Share

Diskusi

Wisnu mendengarkan penuturan Ryu dengan seksama. Lelaki paruh baya itu mengucap istrigfar berulang kali saat mendengar cerita tentang putrinya di butik kemarin siang. Dia tak menyangka jika Rayya semakin berani mengekspos tubuh. 

Beberapa sinetron yang Rayya bintangi memang menggunakan kostum yang sopan dan tertutup. Sayangnya, Wisnu tak tahu bahwa putrinya kerap berpenampilan seksi di luar.
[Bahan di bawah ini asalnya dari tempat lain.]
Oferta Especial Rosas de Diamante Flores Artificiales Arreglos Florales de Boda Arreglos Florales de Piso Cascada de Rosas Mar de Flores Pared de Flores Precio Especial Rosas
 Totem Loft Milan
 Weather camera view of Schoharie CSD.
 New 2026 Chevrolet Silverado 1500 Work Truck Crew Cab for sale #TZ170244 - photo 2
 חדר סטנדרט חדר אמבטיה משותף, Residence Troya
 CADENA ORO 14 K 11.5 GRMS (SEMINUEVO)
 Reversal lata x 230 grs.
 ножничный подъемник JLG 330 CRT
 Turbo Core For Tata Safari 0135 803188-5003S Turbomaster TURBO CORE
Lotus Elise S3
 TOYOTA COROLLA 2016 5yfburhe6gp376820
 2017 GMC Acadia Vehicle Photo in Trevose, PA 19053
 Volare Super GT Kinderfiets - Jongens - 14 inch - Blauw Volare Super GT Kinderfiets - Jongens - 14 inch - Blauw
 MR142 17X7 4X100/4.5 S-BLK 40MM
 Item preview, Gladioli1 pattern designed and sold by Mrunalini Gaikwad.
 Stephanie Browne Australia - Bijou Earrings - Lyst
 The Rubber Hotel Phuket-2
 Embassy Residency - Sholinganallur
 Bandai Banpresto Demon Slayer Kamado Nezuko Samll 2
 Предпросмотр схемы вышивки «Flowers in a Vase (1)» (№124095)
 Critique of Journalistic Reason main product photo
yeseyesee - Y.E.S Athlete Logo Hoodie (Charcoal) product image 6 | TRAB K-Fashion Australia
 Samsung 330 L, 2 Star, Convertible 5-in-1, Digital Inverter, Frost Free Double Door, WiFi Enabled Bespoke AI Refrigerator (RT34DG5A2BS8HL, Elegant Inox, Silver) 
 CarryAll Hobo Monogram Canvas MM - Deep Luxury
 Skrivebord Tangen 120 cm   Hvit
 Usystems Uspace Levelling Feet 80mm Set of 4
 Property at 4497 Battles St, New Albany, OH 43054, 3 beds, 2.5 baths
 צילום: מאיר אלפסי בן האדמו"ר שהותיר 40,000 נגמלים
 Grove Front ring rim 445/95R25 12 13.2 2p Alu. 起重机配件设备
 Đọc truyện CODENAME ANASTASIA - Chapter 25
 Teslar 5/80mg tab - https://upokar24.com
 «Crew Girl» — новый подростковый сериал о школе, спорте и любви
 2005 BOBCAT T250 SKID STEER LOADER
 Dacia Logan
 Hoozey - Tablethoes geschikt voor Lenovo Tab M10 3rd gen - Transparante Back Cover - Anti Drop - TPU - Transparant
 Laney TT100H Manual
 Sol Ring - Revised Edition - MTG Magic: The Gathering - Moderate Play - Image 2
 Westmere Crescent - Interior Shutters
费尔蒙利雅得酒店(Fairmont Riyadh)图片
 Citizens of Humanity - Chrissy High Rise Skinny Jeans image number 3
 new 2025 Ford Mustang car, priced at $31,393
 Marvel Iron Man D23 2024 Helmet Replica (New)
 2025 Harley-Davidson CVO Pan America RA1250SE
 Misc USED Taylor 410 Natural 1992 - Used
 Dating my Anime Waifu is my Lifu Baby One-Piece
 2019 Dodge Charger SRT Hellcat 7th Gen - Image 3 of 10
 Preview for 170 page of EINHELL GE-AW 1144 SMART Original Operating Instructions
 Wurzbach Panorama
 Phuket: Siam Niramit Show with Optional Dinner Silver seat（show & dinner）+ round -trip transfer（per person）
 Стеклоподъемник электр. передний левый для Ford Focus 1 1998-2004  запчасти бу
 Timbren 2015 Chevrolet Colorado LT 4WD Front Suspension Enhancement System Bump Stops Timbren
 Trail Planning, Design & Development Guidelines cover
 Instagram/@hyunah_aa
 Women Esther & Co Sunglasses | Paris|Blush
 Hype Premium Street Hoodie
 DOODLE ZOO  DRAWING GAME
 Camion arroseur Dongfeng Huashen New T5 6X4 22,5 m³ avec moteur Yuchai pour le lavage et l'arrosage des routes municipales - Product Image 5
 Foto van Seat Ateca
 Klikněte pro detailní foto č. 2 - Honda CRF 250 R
Bahkan kadang-kadang pergi ke kelab dan mencoba beberapa minuman beralkohol. 

"Jadi Rayya pilih warna apa?" tanya Wisnu memancing.

"Saya gak tau, Pak. Saya pilih keluar daripada melihat--" ucapan Ryu terputus karena tak sanggup melanjutkannya. 

"Syukurlah kalau begitu. Jadi Nak Ryu gak ngotorin mata," ucap Wisnu bijak. 

"Saya langsung ke toilet karena perut mendadak mules."

Wisnu tergelak. Ternyata dia tidak salah memilih Ryu sebagai bodyguard putrinya. Rayya memang sedikit liar, sehingga perlu ada yang mengingatkannya. Apalagi pergaulannya cukup bebas. 

"Terus pemotretannya gimana?"

"Aman, Pak. Mbak Rayya cuma ngerjain saya pas bilang majalah dewasa. Ternyata dia malah jadi model iklan gamis keluaran brand ternama."

"Gamis?"

Ryu mengangguk cepat untuk meyakinkan.

"Alhamdulillah. Semoga kelak dia bisa memakainya juga untuk seumur hidup," ucap Wisnu bersyukur.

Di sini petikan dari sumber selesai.